▶ _Activity_:
Among the entries below, one stretch runs from the line that contains "Vagusicc C Shaped" through the line that contains "Red Girls Dancing Jazz Einladung". Repeat that stretch exactly, ends included, and only that.

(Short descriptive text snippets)
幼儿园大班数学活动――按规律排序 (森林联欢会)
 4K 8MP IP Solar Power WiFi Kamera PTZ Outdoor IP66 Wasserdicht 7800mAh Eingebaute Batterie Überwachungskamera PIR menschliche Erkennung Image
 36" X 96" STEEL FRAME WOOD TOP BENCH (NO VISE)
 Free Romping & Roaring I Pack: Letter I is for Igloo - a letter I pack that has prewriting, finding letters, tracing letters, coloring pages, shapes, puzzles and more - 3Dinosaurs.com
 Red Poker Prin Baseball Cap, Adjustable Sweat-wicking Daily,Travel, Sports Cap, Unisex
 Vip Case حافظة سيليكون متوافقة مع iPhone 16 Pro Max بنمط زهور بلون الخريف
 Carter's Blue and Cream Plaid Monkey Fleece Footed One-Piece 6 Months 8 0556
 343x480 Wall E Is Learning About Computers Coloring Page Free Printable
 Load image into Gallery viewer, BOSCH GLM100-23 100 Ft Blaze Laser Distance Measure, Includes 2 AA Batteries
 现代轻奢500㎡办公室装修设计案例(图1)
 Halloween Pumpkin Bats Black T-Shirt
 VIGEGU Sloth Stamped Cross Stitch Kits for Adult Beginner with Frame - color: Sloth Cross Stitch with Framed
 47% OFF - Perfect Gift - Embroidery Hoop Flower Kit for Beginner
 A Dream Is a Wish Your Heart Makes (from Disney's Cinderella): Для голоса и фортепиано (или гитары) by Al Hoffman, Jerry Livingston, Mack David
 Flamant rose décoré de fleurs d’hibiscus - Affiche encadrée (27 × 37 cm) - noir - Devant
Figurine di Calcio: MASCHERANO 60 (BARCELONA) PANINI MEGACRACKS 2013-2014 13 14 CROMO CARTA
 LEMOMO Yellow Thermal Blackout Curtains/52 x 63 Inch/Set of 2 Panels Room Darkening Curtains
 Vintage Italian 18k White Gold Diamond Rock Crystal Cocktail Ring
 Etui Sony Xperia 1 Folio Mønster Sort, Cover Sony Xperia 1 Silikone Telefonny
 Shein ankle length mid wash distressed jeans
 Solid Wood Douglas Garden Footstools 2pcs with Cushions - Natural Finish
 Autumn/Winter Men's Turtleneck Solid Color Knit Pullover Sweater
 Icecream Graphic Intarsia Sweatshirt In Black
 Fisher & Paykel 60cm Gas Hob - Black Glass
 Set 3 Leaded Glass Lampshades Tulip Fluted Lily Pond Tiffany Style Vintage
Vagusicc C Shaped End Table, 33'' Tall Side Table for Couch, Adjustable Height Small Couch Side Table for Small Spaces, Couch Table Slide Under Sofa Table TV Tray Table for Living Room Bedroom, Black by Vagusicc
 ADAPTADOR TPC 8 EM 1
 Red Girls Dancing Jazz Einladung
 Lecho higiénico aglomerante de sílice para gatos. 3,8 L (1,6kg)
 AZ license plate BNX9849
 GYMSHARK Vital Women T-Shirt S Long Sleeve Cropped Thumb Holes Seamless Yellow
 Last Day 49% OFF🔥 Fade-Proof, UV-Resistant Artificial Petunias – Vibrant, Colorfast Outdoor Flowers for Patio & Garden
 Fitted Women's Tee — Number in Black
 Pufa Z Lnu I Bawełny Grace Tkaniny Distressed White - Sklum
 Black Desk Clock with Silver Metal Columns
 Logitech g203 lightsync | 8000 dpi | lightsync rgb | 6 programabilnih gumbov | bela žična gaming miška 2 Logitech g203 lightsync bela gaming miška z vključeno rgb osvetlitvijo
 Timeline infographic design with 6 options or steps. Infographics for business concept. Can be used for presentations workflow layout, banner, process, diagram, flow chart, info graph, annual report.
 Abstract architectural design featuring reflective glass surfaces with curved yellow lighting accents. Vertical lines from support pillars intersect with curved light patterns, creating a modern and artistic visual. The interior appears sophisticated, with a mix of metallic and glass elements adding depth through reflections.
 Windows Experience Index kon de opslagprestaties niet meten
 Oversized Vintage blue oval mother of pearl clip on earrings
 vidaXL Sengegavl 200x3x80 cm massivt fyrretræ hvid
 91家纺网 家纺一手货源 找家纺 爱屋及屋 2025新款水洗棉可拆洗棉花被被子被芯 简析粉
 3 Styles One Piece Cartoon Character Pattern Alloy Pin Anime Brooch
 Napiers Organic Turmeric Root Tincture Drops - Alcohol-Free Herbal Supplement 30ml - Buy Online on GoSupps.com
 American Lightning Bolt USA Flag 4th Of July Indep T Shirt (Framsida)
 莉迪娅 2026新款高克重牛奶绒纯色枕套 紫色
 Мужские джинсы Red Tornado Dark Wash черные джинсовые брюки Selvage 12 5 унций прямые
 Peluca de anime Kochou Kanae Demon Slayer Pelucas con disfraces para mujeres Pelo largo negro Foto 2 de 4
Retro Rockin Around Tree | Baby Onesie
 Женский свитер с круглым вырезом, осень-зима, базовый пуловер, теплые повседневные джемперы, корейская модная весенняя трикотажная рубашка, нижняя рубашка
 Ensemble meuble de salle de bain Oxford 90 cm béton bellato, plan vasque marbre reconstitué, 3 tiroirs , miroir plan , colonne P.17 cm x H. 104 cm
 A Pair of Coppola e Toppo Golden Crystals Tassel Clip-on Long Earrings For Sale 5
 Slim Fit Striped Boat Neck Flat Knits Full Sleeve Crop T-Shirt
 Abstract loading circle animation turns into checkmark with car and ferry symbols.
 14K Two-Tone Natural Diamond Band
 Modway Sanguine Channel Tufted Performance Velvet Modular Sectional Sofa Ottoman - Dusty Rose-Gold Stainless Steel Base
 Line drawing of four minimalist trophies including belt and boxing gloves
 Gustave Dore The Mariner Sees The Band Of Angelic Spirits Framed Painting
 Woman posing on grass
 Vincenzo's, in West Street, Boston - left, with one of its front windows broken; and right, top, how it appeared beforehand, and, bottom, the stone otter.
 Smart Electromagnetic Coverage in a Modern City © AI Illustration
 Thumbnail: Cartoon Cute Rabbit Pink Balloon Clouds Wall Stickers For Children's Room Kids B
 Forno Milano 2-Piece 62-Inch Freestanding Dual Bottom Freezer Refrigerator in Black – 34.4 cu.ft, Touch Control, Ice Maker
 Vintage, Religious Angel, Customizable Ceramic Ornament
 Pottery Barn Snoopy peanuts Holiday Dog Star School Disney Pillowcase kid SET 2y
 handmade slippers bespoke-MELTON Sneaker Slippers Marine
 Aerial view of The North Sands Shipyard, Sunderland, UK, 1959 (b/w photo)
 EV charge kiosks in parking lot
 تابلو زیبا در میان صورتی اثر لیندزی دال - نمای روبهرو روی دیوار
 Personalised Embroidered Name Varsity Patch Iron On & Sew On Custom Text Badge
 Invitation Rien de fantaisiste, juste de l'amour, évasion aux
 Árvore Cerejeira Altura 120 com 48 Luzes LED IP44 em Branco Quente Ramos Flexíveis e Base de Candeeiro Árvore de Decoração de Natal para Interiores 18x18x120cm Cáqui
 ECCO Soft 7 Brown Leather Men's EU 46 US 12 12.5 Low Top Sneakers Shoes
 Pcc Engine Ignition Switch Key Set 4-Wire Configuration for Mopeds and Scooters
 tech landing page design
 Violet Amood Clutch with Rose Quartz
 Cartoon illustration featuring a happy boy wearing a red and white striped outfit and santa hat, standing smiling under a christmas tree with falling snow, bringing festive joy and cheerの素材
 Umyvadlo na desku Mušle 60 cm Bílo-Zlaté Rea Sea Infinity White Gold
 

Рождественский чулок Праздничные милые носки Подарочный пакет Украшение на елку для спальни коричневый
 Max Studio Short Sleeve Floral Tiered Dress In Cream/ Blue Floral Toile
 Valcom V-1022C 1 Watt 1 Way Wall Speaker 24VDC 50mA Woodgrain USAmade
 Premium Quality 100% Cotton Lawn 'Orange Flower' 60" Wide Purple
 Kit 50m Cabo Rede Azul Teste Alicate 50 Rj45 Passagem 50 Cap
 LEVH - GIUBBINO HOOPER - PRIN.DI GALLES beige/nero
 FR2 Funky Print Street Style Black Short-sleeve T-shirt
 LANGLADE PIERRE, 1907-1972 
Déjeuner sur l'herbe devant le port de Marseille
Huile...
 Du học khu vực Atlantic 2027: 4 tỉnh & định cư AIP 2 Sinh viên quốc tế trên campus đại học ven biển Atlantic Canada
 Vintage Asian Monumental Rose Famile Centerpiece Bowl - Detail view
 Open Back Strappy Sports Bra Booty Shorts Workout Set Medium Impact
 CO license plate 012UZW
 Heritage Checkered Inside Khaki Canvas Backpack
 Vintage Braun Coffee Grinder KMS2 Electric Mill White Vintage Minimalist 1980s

▶ _Expected answer_:
Vagusicc C Shaped End Table, 33'' Tall Side Table for Couch, Adjustable Height Small Couch Side Table for Small Spaces, Couch Table Slide Under Sofa Table TV Tray Table for Living Room Bedroom, Black by Vagusicc
 ADAPTADOR TPC 8 EM 1
 Red Girls Dancing Jazz Einladung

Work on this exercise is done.